Можно ли представить себе, чтобы эти капитаны и старшие лейтенанты государственной безопасности действовали самочинно, не получив на этот счет никаких указаний?
Слов нет, Эренбург при его международных связях им тут очень годился. Так же, как А.Н. Толстой с его эмигрантским прошлым и сохраняющимися международными связями. Но может ли быть, чтобы следователи НКВД вплотную занялись этими тогдашними литературными тяжеловесами, не получив на этот счет прямой отмашки с самого верха?
Нет, такого быть, конечно, не могло.
И у нас есть все основания не только предполагать, но и с достаточной долей уверенности утверждать, что такая отмашка — и именно с самого верха — действительно была им дана.
* * *
Тут мне придется привести довольно пространный отрывок из воспоминаний К.Л. Зелинского о Фадееве:
► «...мы как-то обедали у Фадеева на даче. Был он с матерью Антониной Владимировной, и я с сестрой Тамарой. Во время обеда раздался гудок автомобиля, и в дом вошел фельдъегерь из ЦК, который вручил Фадееву пакет, запечатанный сургучными печатями. Фадеев попросил подождать его ответа в машине. Распечатав письмо — это была короткая записка на бланке от А.Н. Поскребышева, — он передал ее мне. Я хорошо запомнил эту записку, она гласила: «Товарищ Фадеев! Товарищ Сталин просит вас быть завтра между 5 и 6 часами на его даче на обеде. Машина будет за вами послана. Подпись: А.Н. Поскребышев».
Впервые в жизни я увидел, как Фадеев побледнел, потом вся кровь бросилась ему в лицо, и оно стало малиновым.
Пойди, передай фельдъегерю... нет, нет, не ты, пусть это сделает мама. Мама, прошу тебя, пойди и скажи фельдъегерю, что я болен, что я не могу присутствовать там, где меня просят. Я потом сам все объясню товарищу Поскребышеву.
Наш мирный обед был расстроен. Кое-как мы закончили свой разговор и молчаливо пошли домой. На следующее утро, как обычно, Фадеев пришел под мое окно и кликнул меня:
— Пойдем, Корнелий, по грибы.
Я вышел, и мы отправились с ним в сторону Одинцова.
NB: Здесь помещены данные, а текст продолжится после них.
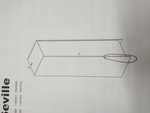 Seville 1 Door Wardrobe - Oak ( B Grade )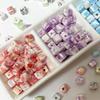 10Pcs Ceramic Ink Splatter Dyed Square Beads Charms Loose Spacer Beads for DIY Bracelet Necklace Jewelry Making Accessories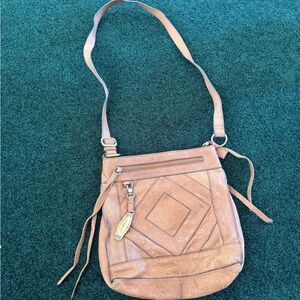 Lucky Brand Tan Leather Crossbody Bag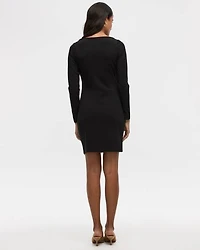 Long-Sleeve Bodycon Mini Dress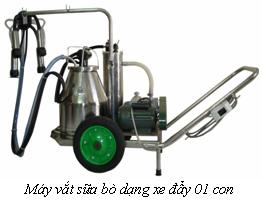 Máy vắt sữa xe đẩy loại 1 bò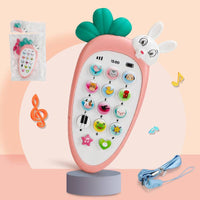 Baby Electronic Phone Toys Music Early Childhood Educational Toys Multi-function Simulation Phone Toys - ORANGE KNIGHT & CO.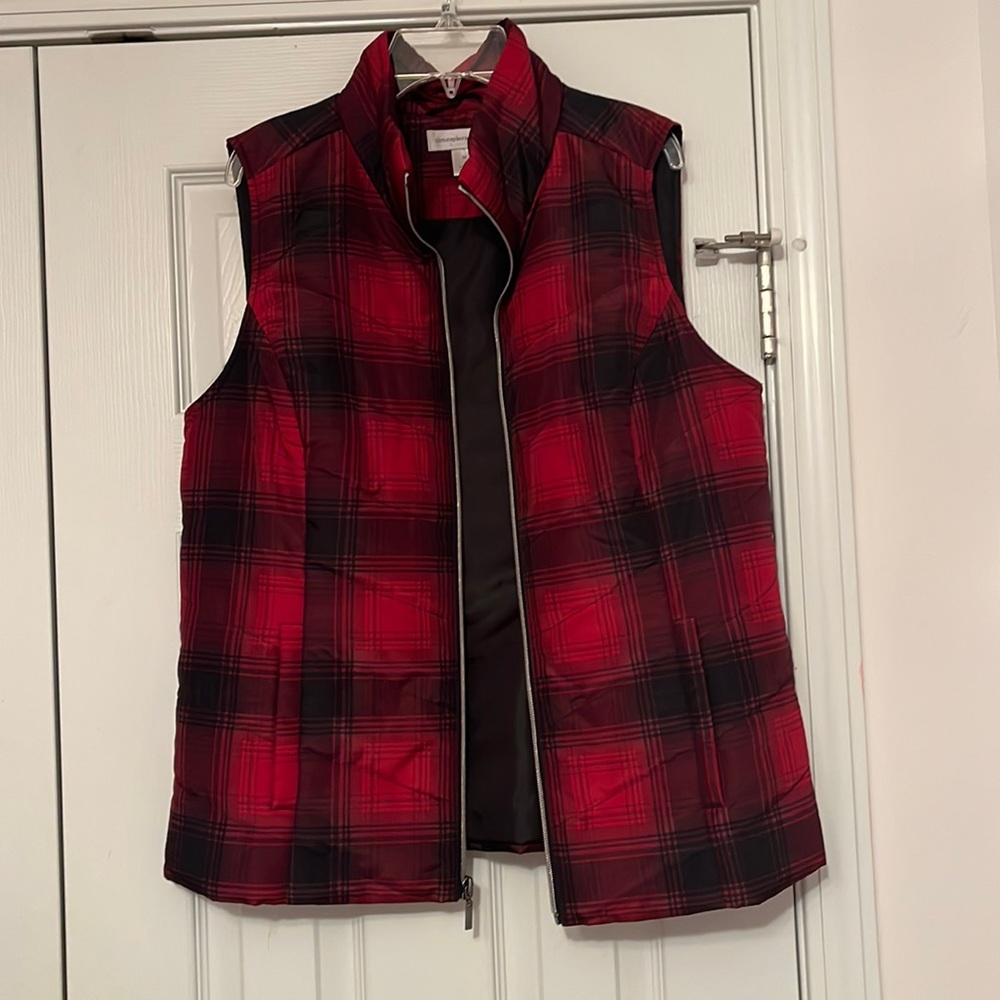 Plaid Vest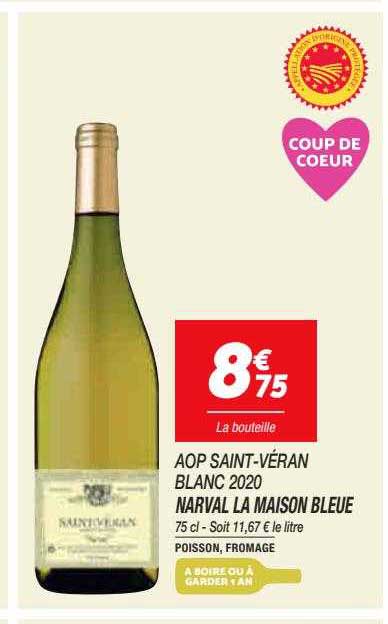 narval la maison bleue aop saint-véran blanc 2020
— Слушай, Саша, — сказал я, — все-таки я не понимаю тебя. Не каждый день Сталин приглашает к себе на обед. Если это тебе не нужно, то, по крайней мере, ты бы мог что-то сказать о всех нас, о литературе. Это же редкий случай, когда можно встретиться и поговорить в удобной обстановке о самых важных наших делах.
Фадеев рассвирепел
— Поди ты к черту, — сказал он. — Вообще ты меня не имеешь права спрашивать о том, почему я не поехал к Сталину и что я ему должен говорить. Тебя это не касается, и не лезь в те дела, которых не понимаешь...
Я был обижен таким неожиданным взрывом резкости и неприязни.
— Поди и ты тогда к черту! Не хочу я с тобой «идти по грибы». Не хочешь — не говори. Но я не хочу выслушивать твоих дерзостей.
И я зашагал через поле, с которого была уже убрана картошка, увязая ботинками в комьях мокрой земли. Не успел я дойти до опушки, как меня догнал Фадеев. И снова, как это с ним часто бывало, я почувствовал внезапный переход от дикого гнева к ласке и от холодного официального тона к истинно человеческому, почти братскому обращению. Он обнял меня за талию:
— Не сердись на меня, я виноват перед тобой. Но что ты хочешь от меня знать, когда я сам не знаю, почему я не поехал. Я не могу поехать, потому что я уже седой человек и не хочу, чтобы меня цукали, высмеивали. Мне трудно уже выносить иронию над собой. Я не котенок, чтобы меня тыкали мордой в горшок. Я человек... Я знаю, что меня там ждет. Меня ждет иезуитский допрос.